## ASSIGNMENT
The listing below holds pictures; exclude them. Return exactly the lines from the one with "穿越之贤妻守则小说封面" through the one with "Lesson Explainer: The".

====== MATERIAL FOR THE TASK ======

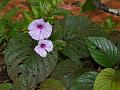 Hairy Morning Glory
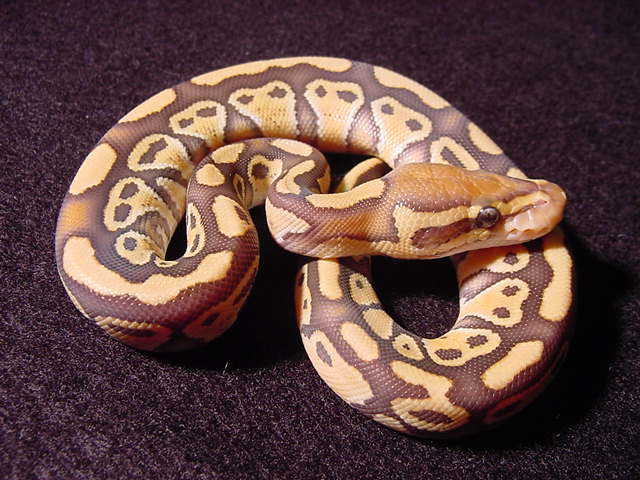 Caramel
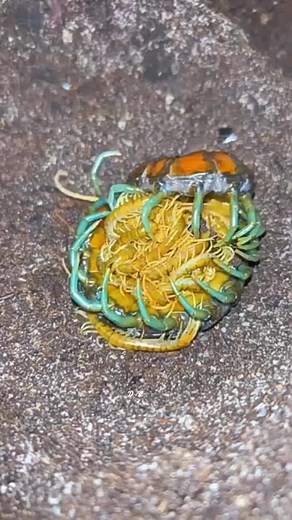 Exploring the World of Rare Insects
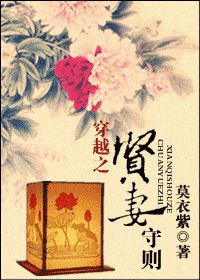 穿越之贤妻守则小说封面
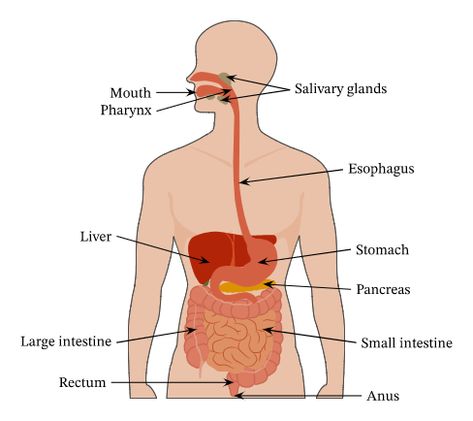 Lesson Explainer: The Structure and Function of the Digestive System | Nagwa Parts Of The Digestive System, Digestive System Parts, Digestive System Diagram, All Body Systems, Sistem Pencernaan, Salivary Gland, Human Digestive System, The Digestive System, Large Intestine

======
====== MATERIAL FOR THE TASK ======

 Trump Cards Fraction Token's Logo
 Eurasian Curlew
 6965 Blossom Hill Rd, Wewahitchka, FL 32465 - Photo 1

======

## SOLUTION FOR THIS EXERCISE
 穿越之贤妻守则小说封面
 Lesson Explainer: The Structure and Function of the Digestive System | Nagwa Parts Of The Digestive System, Digestive System Parts, Digestive System Diagram, All Body Systems, Sistem Pencernaan, Salivary Gland, Human Digestive System, The Digestive System, Large Intestine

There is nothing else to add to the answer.